Ok so I have a dataframe which contains timeseries data that has a multiline index for each columns. Here is a sample of what the data looks like and it is in csv format. Loading the data is not an issue here.
What I want to do is to be able to create a boxplot with this data grouped according to different catagories in a specific line of the multiindex. For example if I were to group by 'SPECIES' I would have the groups, 'aq', 'gr', 'mix', 'sed' and a box for each group at a specific time in the timeseries.
I've tried this:
grouped = data['2013-08-17'].groupby(axis=1, level='SPECIES')
grouped.boxplot()
but it gives me a boxplot (flat line) for each point in the group rather than for the grouped set. Is there an easy way to do this? I don't have any problems grouping as I can aggregate the groups any which way I want, but I can't get them to boxplot.
this code:
data['2013-08-17'].boxplot(by='SPECIES')
Will not work, as boxplot is a function for a DataFrame and not a Series.
While in Pandas > 0.18.1 the boxplot function has the argument columns
which defines from what column the data is taken from.
So
data.boxplot(column='2013-08-17',by='SPECIES')

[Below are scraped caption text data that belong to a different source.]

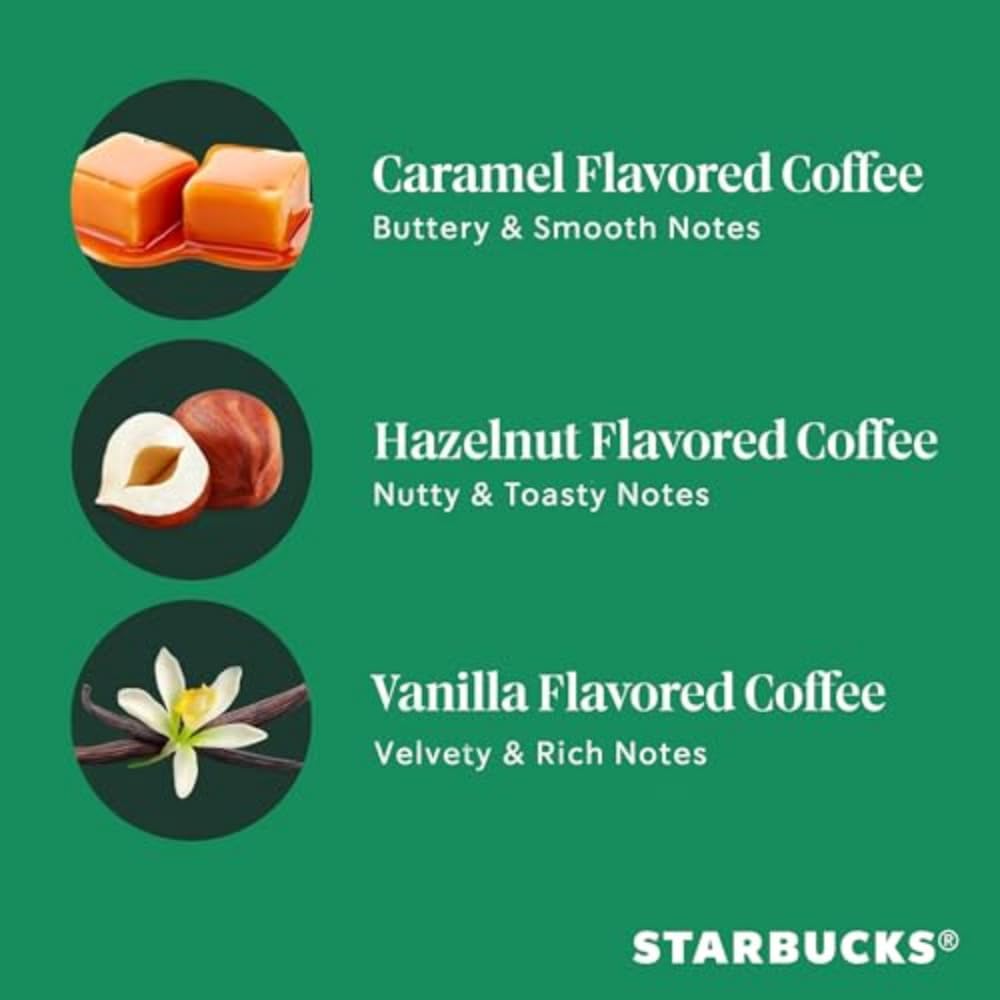 Starbucks Ground Coffee Variety Pack - Flavored Hot or Iced Coffee | Three 11 oz Bags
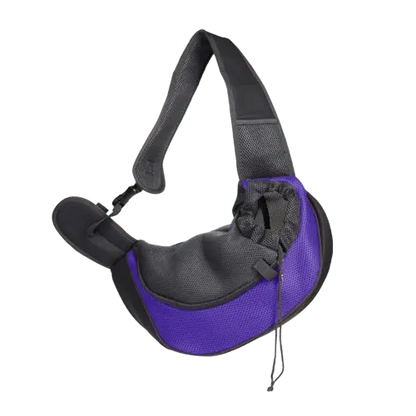 Purple pet shoulder carrier with breathable mesh for puppies and kittens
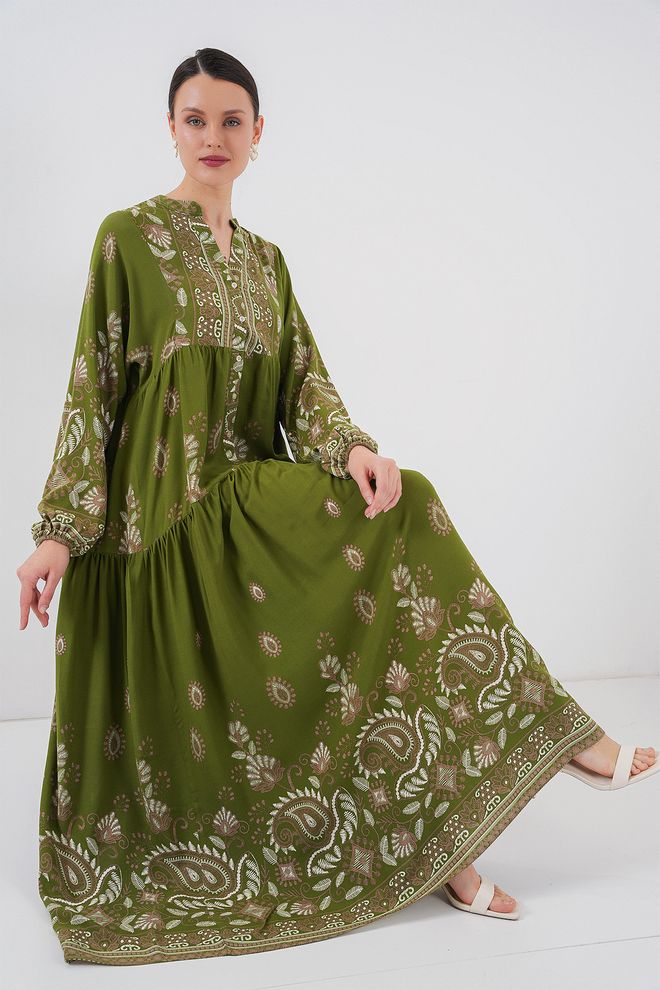 Bigdart Authentic Patterned Burkini Dress D.haki Wholesale Clothing Modest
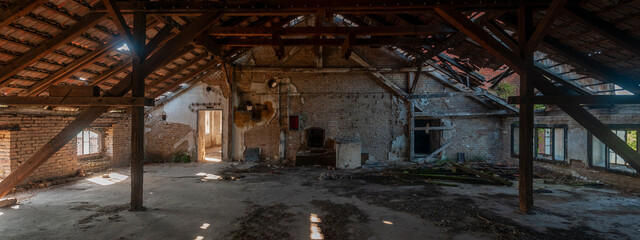 Old abandoned historic brick brewery in Budapest, Hungary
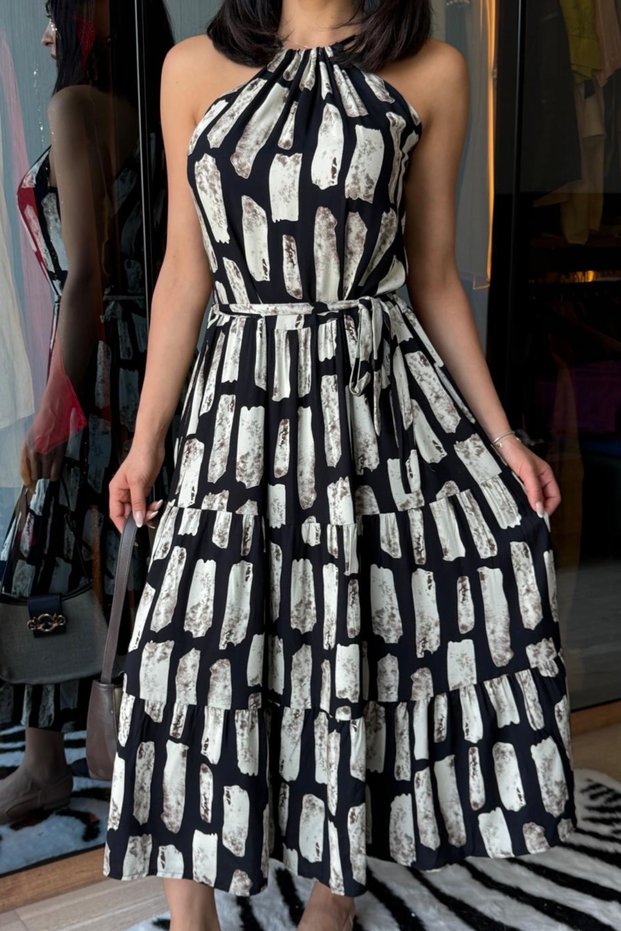 Women's Rope Strap Halter Detail Skirt Ruffled Belt Viscose Summer Dress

should return the desired result.
An example with the Iris dataset:
import pandas as pd
import matplotlib.pyplot as plt
data = pd.read_csv('https://raw.githubusercontent.com/pandas-dev/pandas/master/pandas/tests/data/iris.csv')
fig, ax = plt.subplots(figsize=(10,8))
plt.suptitle('')
data.boxplot(column=['SepalLength'], by='Name', ax=ax)
creates:
plt.suptitle('')
turns off the annoying automatic subtitle. And of course the column arguments accepts lists of columns... so
data.boxplot(column=['SepalLength', 'SepalWidth'], by='Name', ax=ax)
also works.